--- START ---

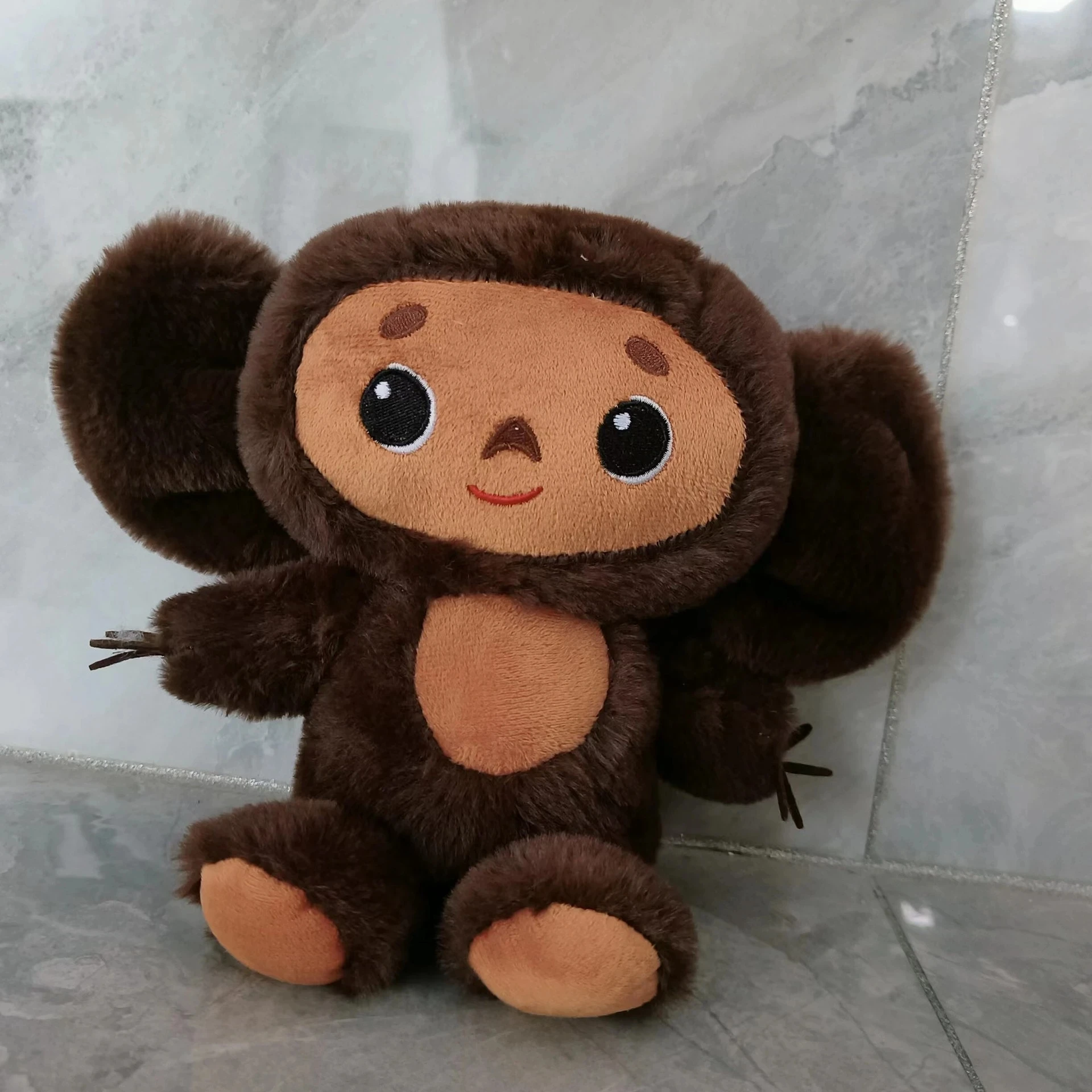 

2023 Russia Movie Cheburashka Monkey Plush Pillow Toy 20cm/30cm Sleep Baby Toys For Kids Children Gift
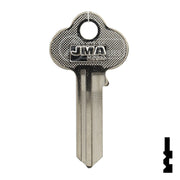 Uncut Key Blank | Corbin Russwin | COR-62 Residential-Commercial Key JMA USA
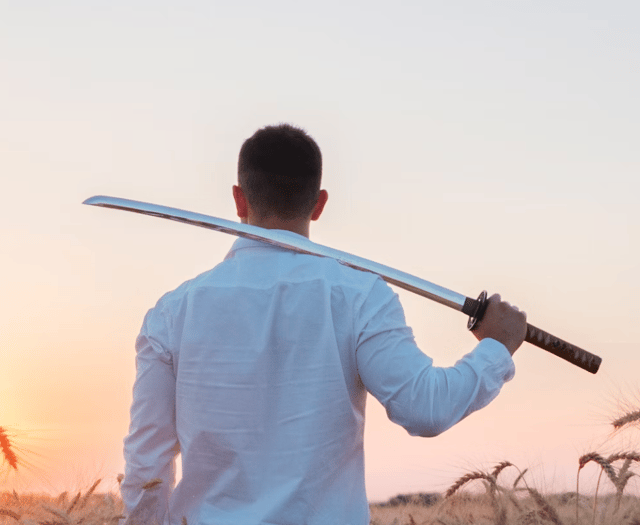 Hundreds of 'Ninja' swords surrendered to police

--- END ---

Work order –
Your answer must be the full listing, copied exactly, with no pictures in it.

Solution to this task –
2023 Russia Movie Cheburashka Monkey Plush Pillow Toy 20cm/30cm Sleep Baby Toys For Kids Children Gift
 Uncut Key Blank | Corbin Russwin | COR-62 Residential-Commercial Key JMA USA
 Hundreds of 'Ninja' swords surrendered to police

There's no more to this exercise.